- **WORK TO COMPLETE**:
Word for word, repeat each of the records below.

(Items from a data source)
───

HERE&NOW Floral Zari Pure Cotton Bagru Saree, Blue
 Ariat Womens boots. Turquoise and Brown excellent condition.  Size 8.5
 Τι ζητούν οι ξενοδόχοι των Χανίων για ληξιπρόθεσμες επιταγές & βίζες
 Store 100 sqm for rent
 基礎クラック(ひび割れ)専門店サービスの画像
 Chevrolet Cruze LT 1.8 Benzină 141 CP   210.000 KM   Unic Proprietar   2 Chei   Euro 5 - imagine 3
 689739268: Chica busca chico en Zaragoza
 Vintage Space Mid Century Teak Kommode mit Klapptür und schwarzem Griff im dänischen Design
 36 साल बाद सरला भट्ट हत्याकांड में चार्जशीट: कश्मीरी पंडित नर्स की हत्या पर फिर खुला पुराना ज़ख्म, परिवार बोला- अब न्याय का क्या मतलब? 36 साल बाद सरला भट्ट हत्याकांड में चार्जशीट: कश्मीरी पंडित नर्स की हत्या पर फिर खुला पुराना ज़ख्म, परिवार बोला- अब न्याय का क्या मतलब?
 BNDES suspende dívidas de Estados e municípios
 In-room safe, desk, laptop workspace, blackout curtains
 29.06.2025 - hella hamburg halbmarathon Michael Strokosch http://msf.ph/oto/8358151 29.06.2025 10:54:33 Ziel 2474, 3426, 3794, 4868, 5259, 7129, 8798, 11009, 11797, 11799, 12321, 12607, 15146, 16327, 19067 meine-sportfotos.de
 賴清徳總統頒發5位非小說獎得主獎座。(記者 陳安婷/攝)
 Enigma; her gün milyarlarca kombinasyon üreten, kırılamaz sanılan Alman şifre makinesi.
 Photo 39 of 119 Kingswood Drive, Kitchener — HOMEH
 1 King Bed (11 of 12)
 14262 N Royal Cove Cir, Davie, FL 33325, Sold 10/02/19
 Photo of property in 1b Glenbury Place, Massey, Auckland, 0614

───

- **RESULT OF THE EXERCISE**:
HERE&NOW Floral Zari Pure Cotton Bagru Saree, Blue
 Ariat Womens boots. Turquoise and Brown excellent condition.  Size 8.5
 Τι ζητούν οι ξενοδόχοι των Χανίων για ληξιπρόθεσμες επιταγές & βίζες
 Store 100 sqm for rent
 基礎クラック(ひび割れ)専門店サービスの画像
 Chevrolet Cruze LT 1.8 Benzină 141 CP   210.000 KM   Unic Proprietar   2 Chei   Euro 5 - imagine 3
 689739268: Chica busca chico en Zaragoza
 Vintage Space Mid Century Teak Kommode mit Klapptür und schwarzem Griff im dänischen Design
 36 साल बाद सरला भट्ट हत्याकांड में चार्जशीट: कश्मीरी पंडित नर्स की हत्या पर फिर खुला पुराना ज़ख्म, परिवार बोला- अब न्याय का क्या मतलब? 36 साल बाद सरला भट्ट हत्याकांड में चार्जशीट: कश्मीरी पंडित नर्स की हत्या पर फिर खुला पुराना ज़ख्म, परिवार बोला- अब न्याय का क्या मतलब?
 BNDES suspende dívidas de Estados e municípios
 In-room safe, desk, laptop workspace, blackout curtains
 29.06.2025 - hella hamburg halbmarathon Michael Strokosch http://msf.ph/oto/8358151 29.06.2025 10:54:33 Ziel 2474, 3426, 3794, 4868, 5259, 7129, 8798, 11009, 11797, 11799, 12321, 12607, 15146, 16327, 19067 meine-sportfotos.de
 賴清徳總統頒發5位非小說獎得主獎座。(記者 陳安婷/攝)
 Enigma; her gün milyarlarca kombinasyon üreten, kırılamaz sanılan Alman şifre makinesi.
 Photo 39 of 119 Kingswood Drive, Kitchener — HOMEH
 1 King Bed (11 of 12)
 14262 N Royal Cove Cir, Davie, FL 33325, Sold 10/02/19
 Photo of property in 1b Glenbury Place, Massey, Auckland, 0614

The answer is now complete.